● WHAT THIS TASK INVOLVES
Word for word, restate the data that follows, omitting the images.

═════ INPUT DATA

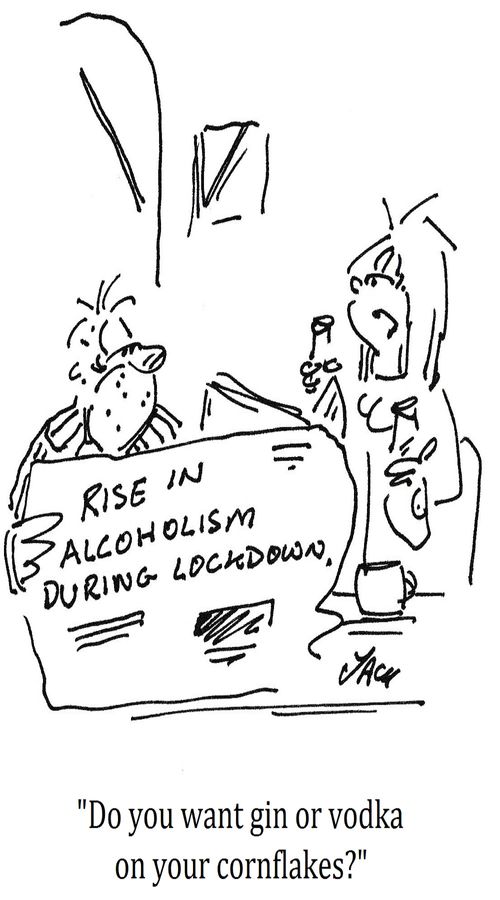 "Do you want gin or vodka on your cornflakes?"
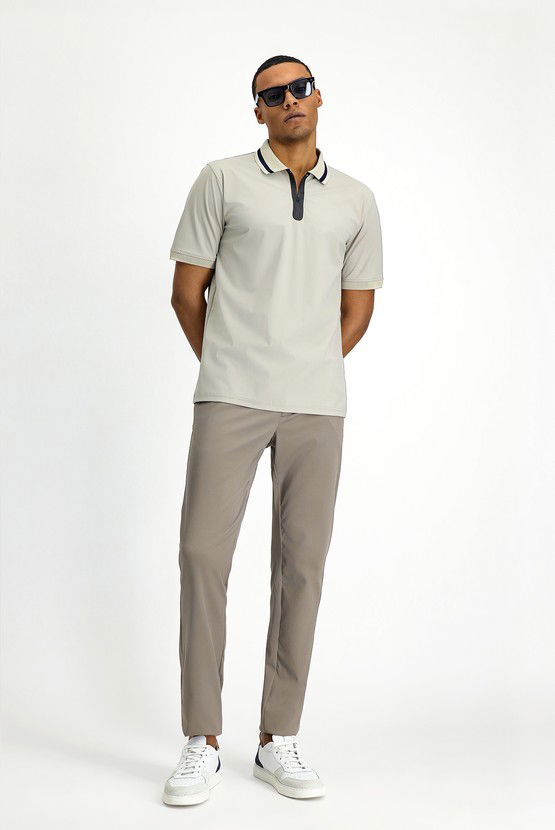 Erkek Giyim - Techno-Line Fermuarlı Likralı Slim Fit Dar Kesim Polo Yaka Tişört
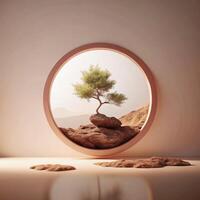 Serene Minimalist Zen Garden Scene with Tree on Rock in Circular Frame photo
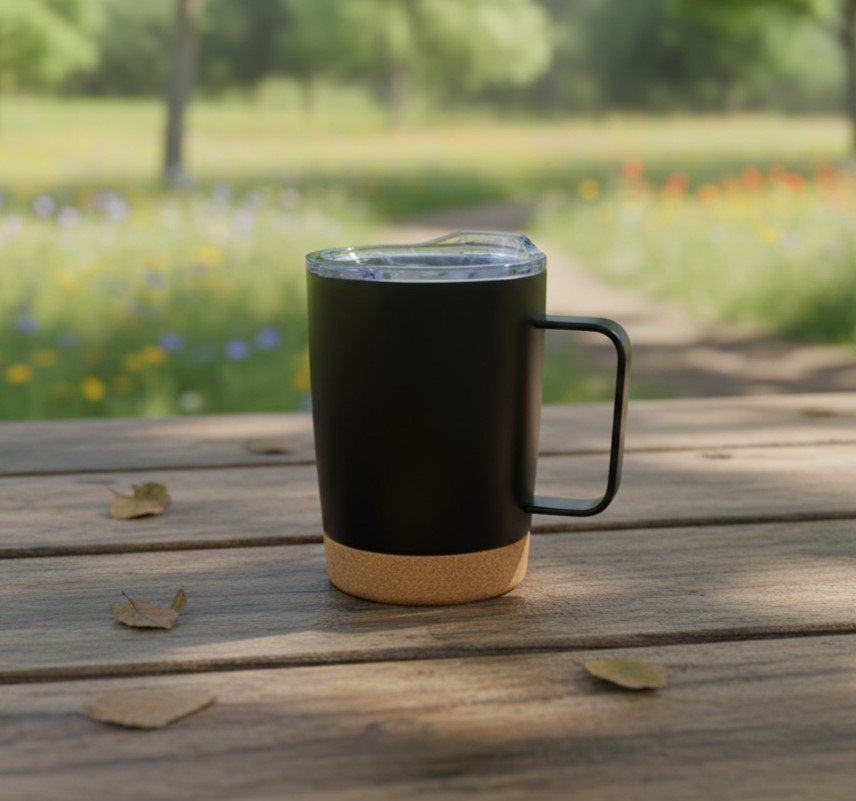 TERMO TRAVEL COFFE CORCHO ACERO TERMICO 360ML/ 12OZ BLANCO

══════════

● RESULT
 "Do you want gin or vodka on your cornflakes?"
 Erkek Giyim - Techno-Line Fermuarlı Likralı Slim Fit Dar Kesim Polo Yaka Tişört
 Serene Minimalist Zen Garden Scene with Tree on Rock in Circular Frame photo
 TERMO TRAVEL COFFE CORCHO ACERO TERMICO 360ML/ 12OZ BLANCO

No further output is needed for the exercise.